I was almost tempted to stay in Brisbane, and soon wished I had.
Act Three: “Well, I’m a lucky man. With fire in my hands”
Following the introduction to the great game of cricket by my parents and especially my dearly missed Mum, I am a lucky man and whether “I’m stood here naked, smiling, I feel no disgrace” is neither here nor there for this particular article, but I do often wonder “How many corners do I have to turn?” and “How many times do I have to learn — All the love I have is in my mind?
I hope you understand.
Anyway, a very tired looking England bowling unit toiled under a baking New Zealand sun for 32 exhausting overs, Shoaib Bashir was finally, finally given a go with the ball after not bowling a ball in anger in the 1st innings and 3 Kiwi wickets were snagged including “Night Watchman” Will O’Rourke who I doubt would have believed you had you told him at the start of play he’d still be batting come the end of it. He nearly was! Will Young eased to 60 before becoming the first of two day ending wickets for Ben Stokes and to top off a rather spectacular day for the hosts, Kane Williamson reached an almost run-a-ball half century by the close to finish the day exactly 50 not out.

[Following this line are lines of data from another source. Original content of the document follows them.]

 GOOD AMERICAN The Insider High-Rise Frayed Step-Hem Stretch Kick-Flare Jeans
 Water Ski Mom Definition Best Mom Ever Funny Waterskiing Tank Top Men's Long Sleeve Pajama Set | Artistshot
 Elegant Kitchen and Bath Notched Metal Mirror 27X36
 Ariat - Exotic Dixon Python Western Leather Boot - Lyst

At the end of a day of utter Kiwi domination, the hosts enjoy an almost unbeatable (already) lead of 340 runs which is 71 runs more than has ever been scored in the 4th innings in Hamilton for a Test victory, the largest runs total ever scored in the whole of New Zealand too, and only 79 runs shy of setting England the highest total ever chased to win a Test in the 4th innings in the entire history of this storied game. Kane Williamson is 50 not out, Daryl Mitchell, Tom Blundell, Glenn Phillips and Mitchell Santner are still in the cricketing “shed” and then there’s soon to be retiring Tim Southee with records of his own in mind for his final flourish wielding a cricket bat. If the hosts get going tomorrow, and against a flagging set of England bowlers, they could well set their visitors anywhere from 500+ as an impossible mission for victory.

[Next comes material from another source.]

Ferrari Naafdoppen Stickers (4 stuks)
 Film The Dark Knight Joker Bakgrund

The Antipodean Agony continued for another set of visitors across the Tasman Sea as Steve Smith did indeed reach his prophesied Test Match century but not before Travis Head did, and a second consecutive ton for the man from Adelaide after his century on his home ground in the 2nd Test Match last week. Australia ended Day 2 with a thumping 405–7 on the scoreboard and with Alex Carey on a run-a-ball 45 not out and Mitchell Starc and Nathan Lyon handy with the bat, they could well follow their neighbours by posting in excess of 500 and dropping India in almost as deep a hole as England find themselves in.

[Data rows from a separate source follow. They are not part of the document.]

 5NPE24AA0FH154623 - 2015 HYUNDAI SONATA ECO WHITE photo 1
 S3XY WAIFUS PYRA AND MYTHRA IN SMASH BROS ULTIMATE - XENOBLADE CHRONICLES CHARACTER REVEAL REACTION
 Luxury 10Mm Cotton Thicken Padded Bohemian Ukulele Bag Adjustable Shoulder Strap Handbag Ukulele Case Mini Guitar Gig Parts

Day 3 in both Hamilton and Brisbane is nearly upon me at the time of writing and whilst there will almost certainly be a Day 5 in Australia I can’t see the tussle in New Zealand going deeper than the second session of Day 4.
But time, that unwieldy beast none of us will ever tame, will tell.
It always does.
Thanks for reading. I hope this message in a bottle in The Matrix finds you well, prospering, and the right way up in an upside down world.